(Beginning of Working data)

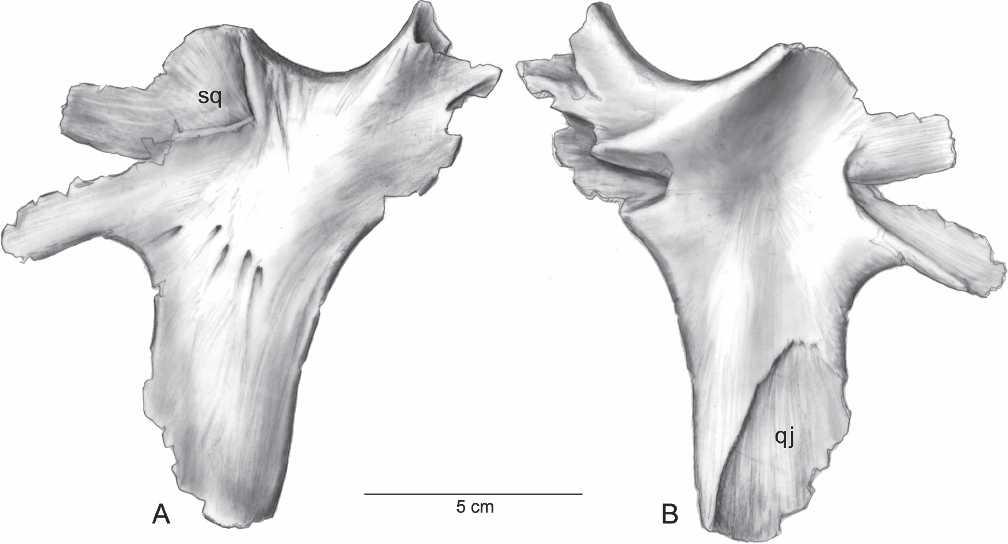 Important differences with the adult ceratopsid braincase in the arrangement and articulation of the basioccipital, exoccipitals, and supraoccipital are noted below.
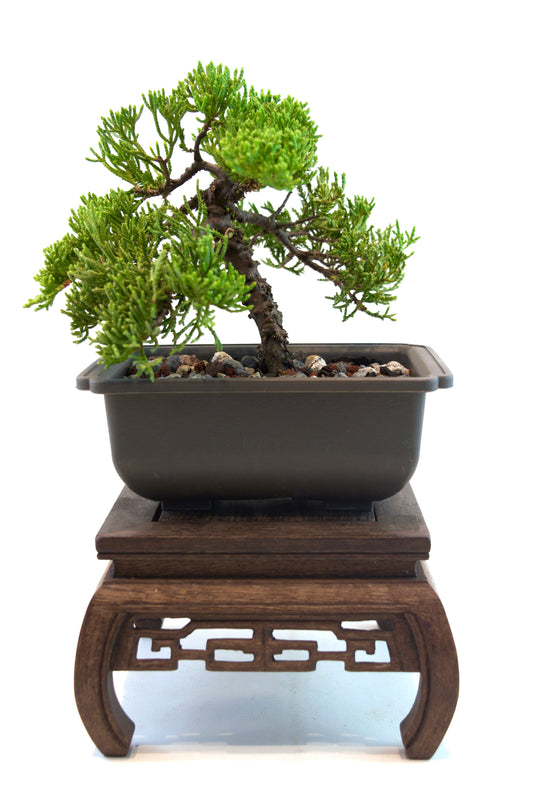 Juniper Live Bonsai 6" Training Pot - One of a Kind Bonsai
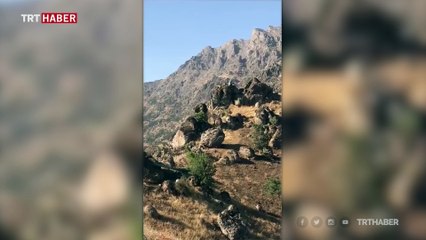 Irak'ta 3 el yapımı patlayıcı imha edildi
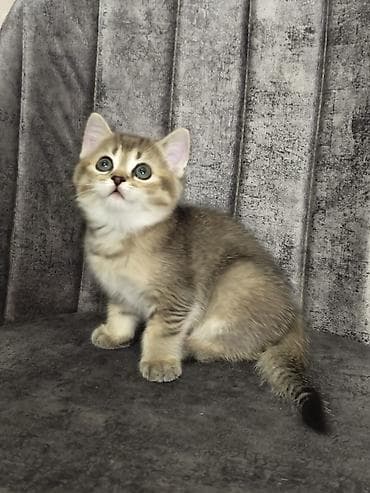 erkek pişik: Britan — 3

(End of Working data)
(Beginning of Working data)

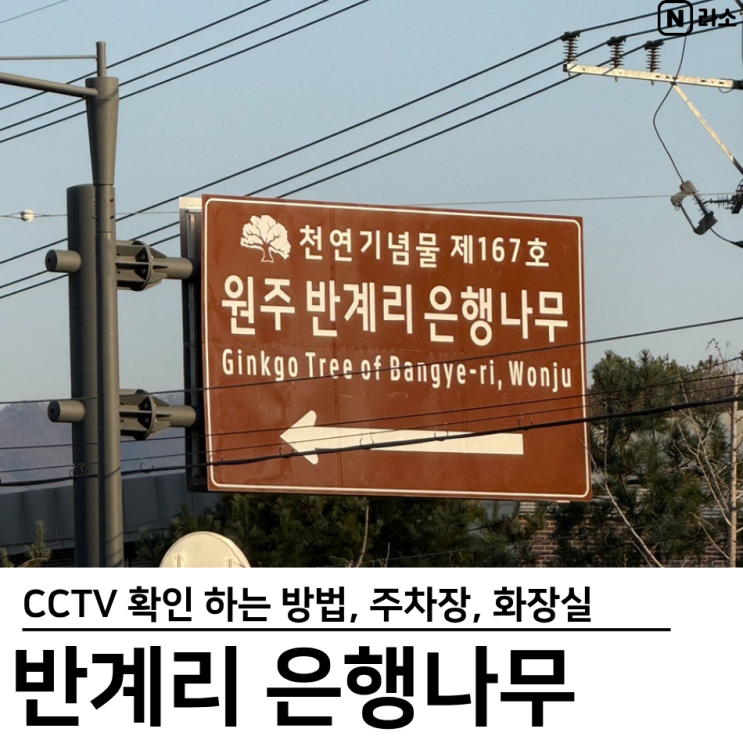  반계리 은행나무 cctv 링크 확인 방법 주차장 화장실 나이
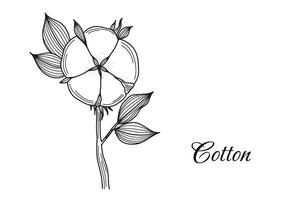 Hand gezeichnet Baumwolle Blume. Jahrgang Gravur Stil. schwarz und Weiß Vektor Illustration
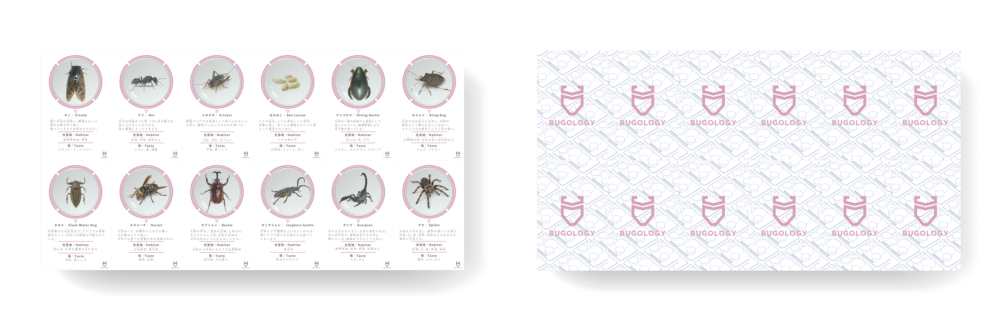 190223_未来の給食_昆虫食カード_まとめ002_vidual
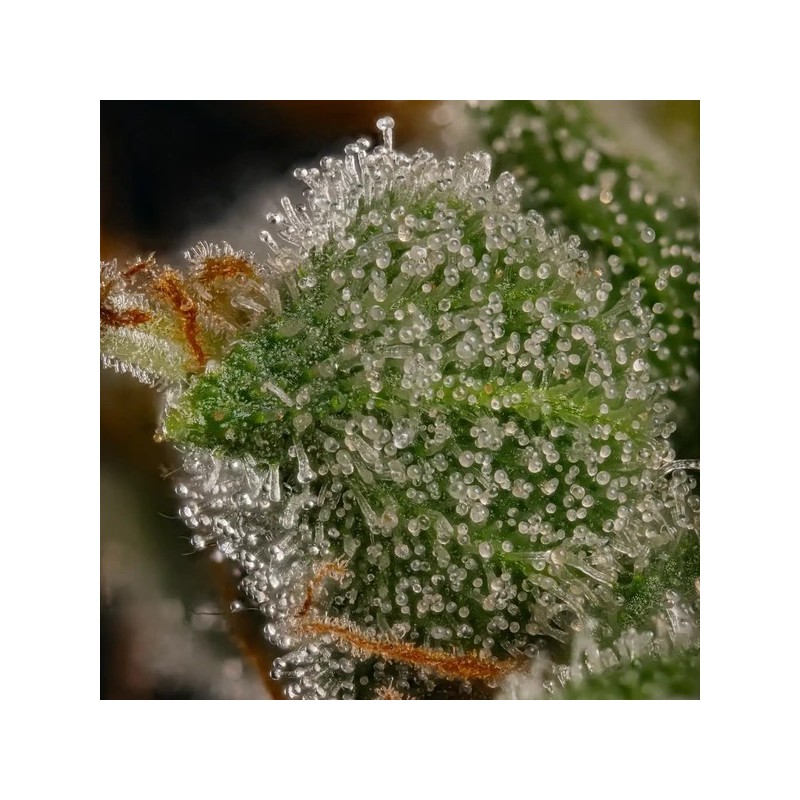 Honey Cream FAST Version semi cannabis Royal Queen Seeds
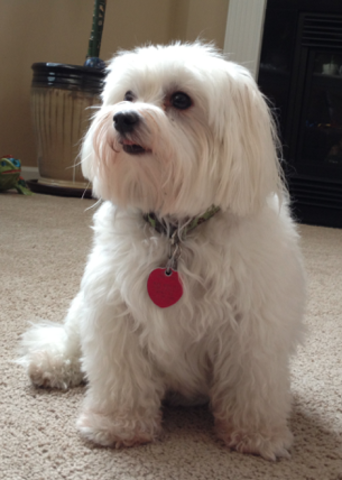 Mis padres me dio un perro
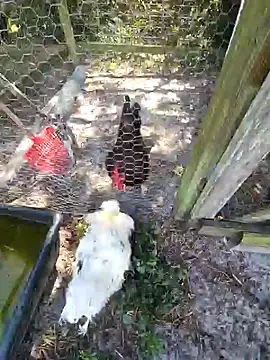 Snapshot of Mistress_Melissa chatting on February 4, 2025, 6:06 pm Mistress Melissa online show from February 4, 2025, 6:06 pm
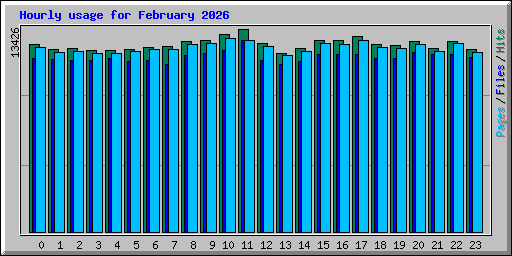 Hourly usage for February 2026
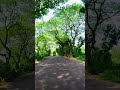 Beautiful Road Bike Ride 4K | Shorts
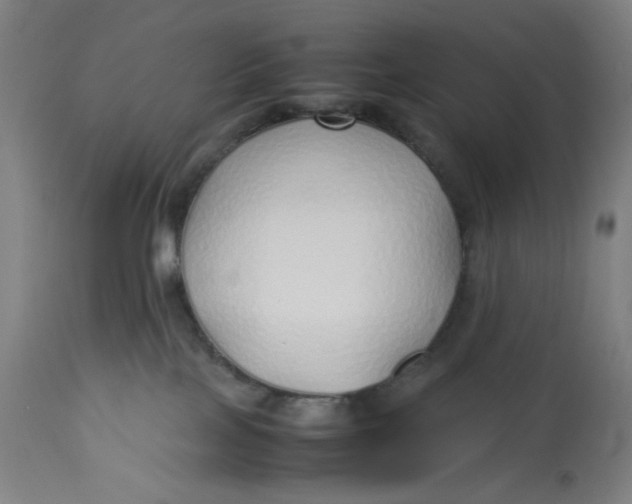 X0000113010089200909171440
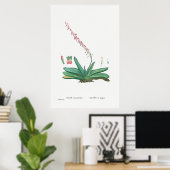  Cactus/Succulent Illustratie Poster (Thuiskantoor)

(End of Working data)
(Beginning of Working data)

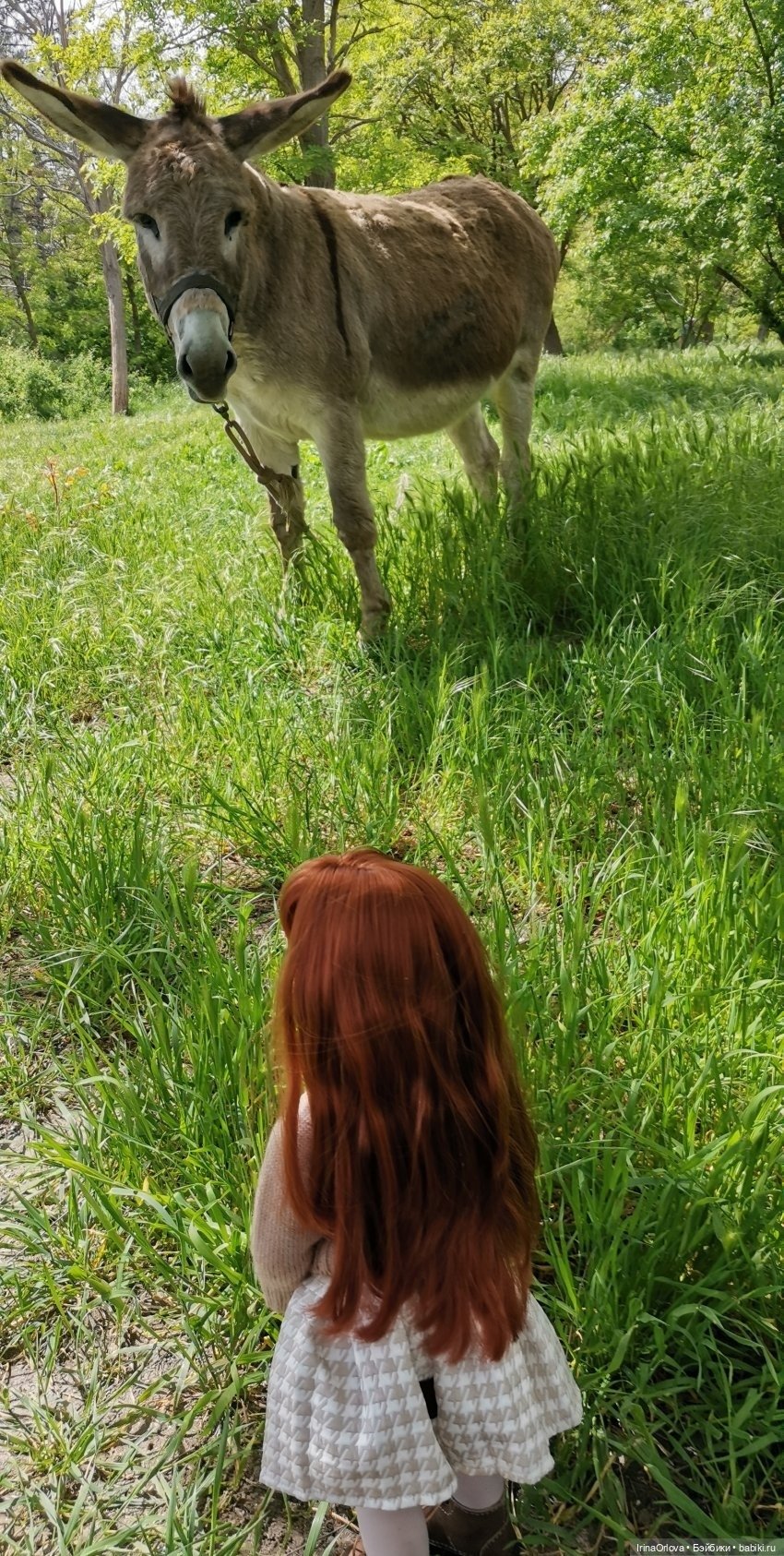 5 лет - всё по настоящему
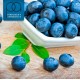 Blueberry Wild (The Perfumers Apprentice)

(End of Working data)

**Instructions for the task:** Copy only these lines from the records above, exactly: the one with "Important differences with", the one with "erkek pişik: Britan — 3", and those between. Skip the pictures.

**Solution to this exercise:**
 Important differences with the adult ceratopsid braincase in the arrangement and articulation of the basioccipital, exoccipitals, and supraoccipital are noted below.
 Juniper Live Bonsai 6" Training Pot - One of a Kind Bonsai
 Irak'ta 3 el yapımı patlayıcı imha edildi
 erkek pişik: Britan — 3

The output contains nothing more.